There’s a general rule at Canadian Geographic that readers love polar bears. More than practically any other animal, they stir feelings of awe in nature. People travel thousands of kilometres and at great expense to see them in the wild. They inspire calls for habitat conservation and climate action. They sell covers. We had an idea, then, that even if we pitted two other magnificent examples of eastern Arctic floe-edge megafauna — a walrus and a bearded seal — against Ursus maritimus in the cover vote for our May/June issue (Can Geo regularly solicits feedback from its followers in this way), that the bear would maintain its status as apex species.
It did, and with nearly half the total vote count.
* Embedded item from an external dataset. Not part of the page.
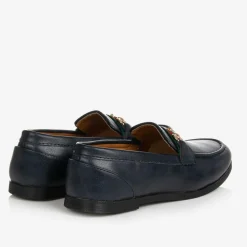 Boys Navy Blue Horsebit Loafers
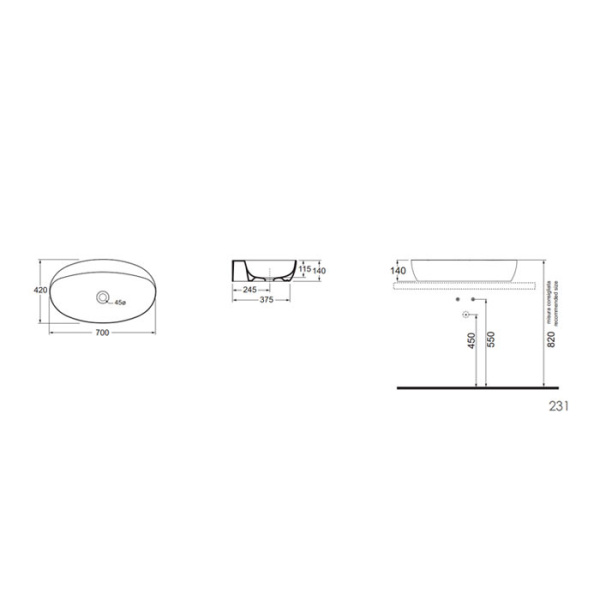 Раковина Azzurra Elegance Circle 70 ELLA070420C0CE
And what better way to illustrate a cover story about life at the floe edge in Lancaster Sound, Nunavut — where landfast ice meets open Arctic Ocean and species thrive in a complex web?
One problem: further research into the winning photo’s origin revealed that this particular polar bear was, unexpectedly, from the Western Hudson Bay population, which reside well south of the Arctic Circle and about 1,700 kilometres south of the floe edge in question. This bear would not do.
We use our cover vote results as something of a compass, weighing this data from thousands of readers along with the instincts of our publisher and editorial team and the advice of newsstand consultants. We knew our audience should have their great white bear. So our photo research team worked with Canadian wildlife photographer Todd Mintz to secure an image of another majestic specimen, this one spotted around the floe edge off northern Baffin Island — stalking the ice with what looks like deadly focus, a few scars visible across its muzzle. This new polar bear, we’re sure, will similarly impress our subscribers and readers at newsstands across the country.